Just for informational purposes, here are the stock specs on a 2009 Suzuki Hayabusa. It came with a sweet liquid cooled, 1,340cc inline four-cylinder engine with bore and stroke of 81.0mm by 65.0mm. Stock power figures quoted by Suzuki are 145 kilowatts (or 194.4 horsepower) at 9,500 rpm and 155 newton-meters (or 114.3 pound-feet) of torque at 7,200 rpm. It came with a six-speed gearbox. 

Suspension, since you can’t see much under all that bodywork, is a fully adjustable upside down telescopic front fork with a fully adjustable link-type coil spring rear suspension. Wheelbase is 1,485mm, or 58.5 inches. Suzuki also listed a dry weight figure of 220 kilograms (or 485 pounds), because everyone likes to drain all the fluids out of their bike before weighing it, just for giggles. 

Wheels are a pair of street standard 17-inch cast aluminum alloy units, and the 2009 ‘Busa came with a set of radially mounted four-piston brake calipers with 310mm brake discs up front and a single one-piston caliper and 260mm disc in the rear. Ground clearance (and this is crucial) is 120mm, or 4.7 inches. Remember that. 

Taking that Falcon to the Trails 

It’s a stock 2009 Hayabusa that Spears takes to the trails in this video. He talks about the plans he has for this bike, and says that he’s hoping to avoid any major, super damaging offs with it because he wants to gauge what it can do and modify it appropriately to have some more off-road fun with it in the future. 

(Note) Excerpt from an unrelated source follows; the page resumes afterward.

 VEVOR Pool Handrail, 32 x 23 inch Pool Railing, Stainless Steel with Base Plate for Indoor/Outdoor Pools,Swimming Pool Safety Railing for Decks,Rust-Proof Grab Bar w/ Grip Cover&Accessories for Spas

First up is a fire road—and even on street tires, it’s clear that Spears’ skills are serious. The rear end steps out on a surface that’s more slippery than those tires were made for, but it’s always clearly in the rider’s control. The rider even manages small jumps in a way that makes it almost look easy—at least, viewing it from the comfort of a computer screen.  

Since the ‘Busa does so well on that fire road, Spears decides that a slightly more difficult four-wheeler trail is next. Unfortunately, it’s there that he runs into a ride-ending problem.

Remember the ground clearance of the 2009 Hayabusa? That’s part of it—as are the combined facts that the oil drain plug is on the bottom of the engine case, and that this bike also has zero protection or preparation installed for doing any type of off-road riding. Have you ever seen someone scrape the life out of a low-slung supercar while exiting a Taco Bell drive-thru and trying to turn onto the street? You get the idea.

Anyway, after inadvertently flushing all the old oil from the ‘Busa, it’s up to Spears and his riding buddy to get it turned around and recovered to the truck so it can go home and get repairs and off-road protection upgrades. Amazingly, the bike coasts remarkably well, as you’ll see in the last few minutes of this video. Although it wasn’t how they wanted the day to go, it’s still impressive in a different way—and they seem to take it in stride.